Marriage is a skill that we learn by doing. A good marriage is an achievement, not an entitlement. Getting married is not like falling into a kind of Disneyland or waltzing into a permanently glittering ballroom, like our culture relentlessly and erringly touts. We must learn to square ourselves with the fact that all too often our culture is obsessed with shallow trappings rather than real essences, and its pathways invariably end in disillusionment and depression.

It often takes ten years for a marriage to wake up from this delusion and settle into what a marriage really is: staying lovingly and profoundly connected with one person for an adult lifetime. God designed this relationship to be long and to require something big of us, in order for us to even begin to understand what godly love really is all about.

Faithfully staying in the game, doing the “daily round” of family duties and responsibilities, shapes and molds us far more than we can imagine. Duty is both our challenge and our learned victory. It builds within us the maturity of self-denial. And it progressively teaches us the skill of being able to marshal our wandering disparate selves into towers of intention and accomplishment.

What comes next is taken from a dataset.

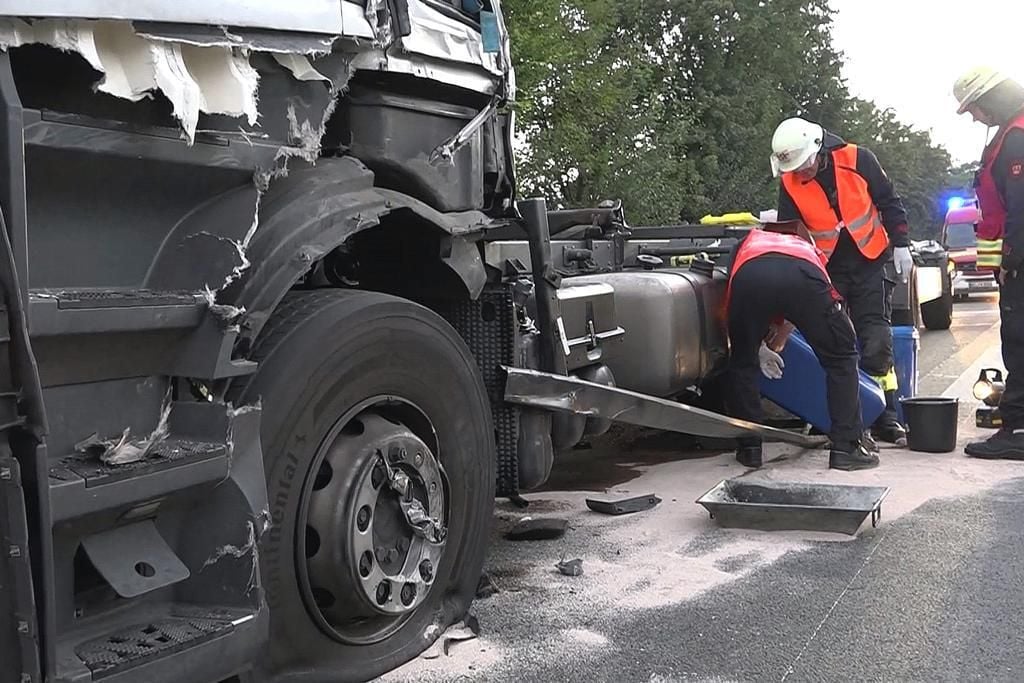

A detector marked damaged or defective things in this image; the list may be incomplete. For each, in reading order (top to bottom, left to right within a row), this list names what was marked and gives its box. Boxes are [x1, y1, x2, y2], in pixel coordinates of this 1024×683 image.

Devotedly loving ONE, teaches us about love for ALL. And oddly, the path to such knowledge requires a continual and determined focus of forsaking all others—trading toying and flirting with what is not ours for engendering new love for the same person day after day. Fidelity becomes our hallowed path and joy. Why? because our Lord did it first towards us, showing us how to love unswervingly even unto death…’til death do us part. He perhaps designed marriage so that we, too, as mere mortals, should “have a go at it”—to see what such love “takes.”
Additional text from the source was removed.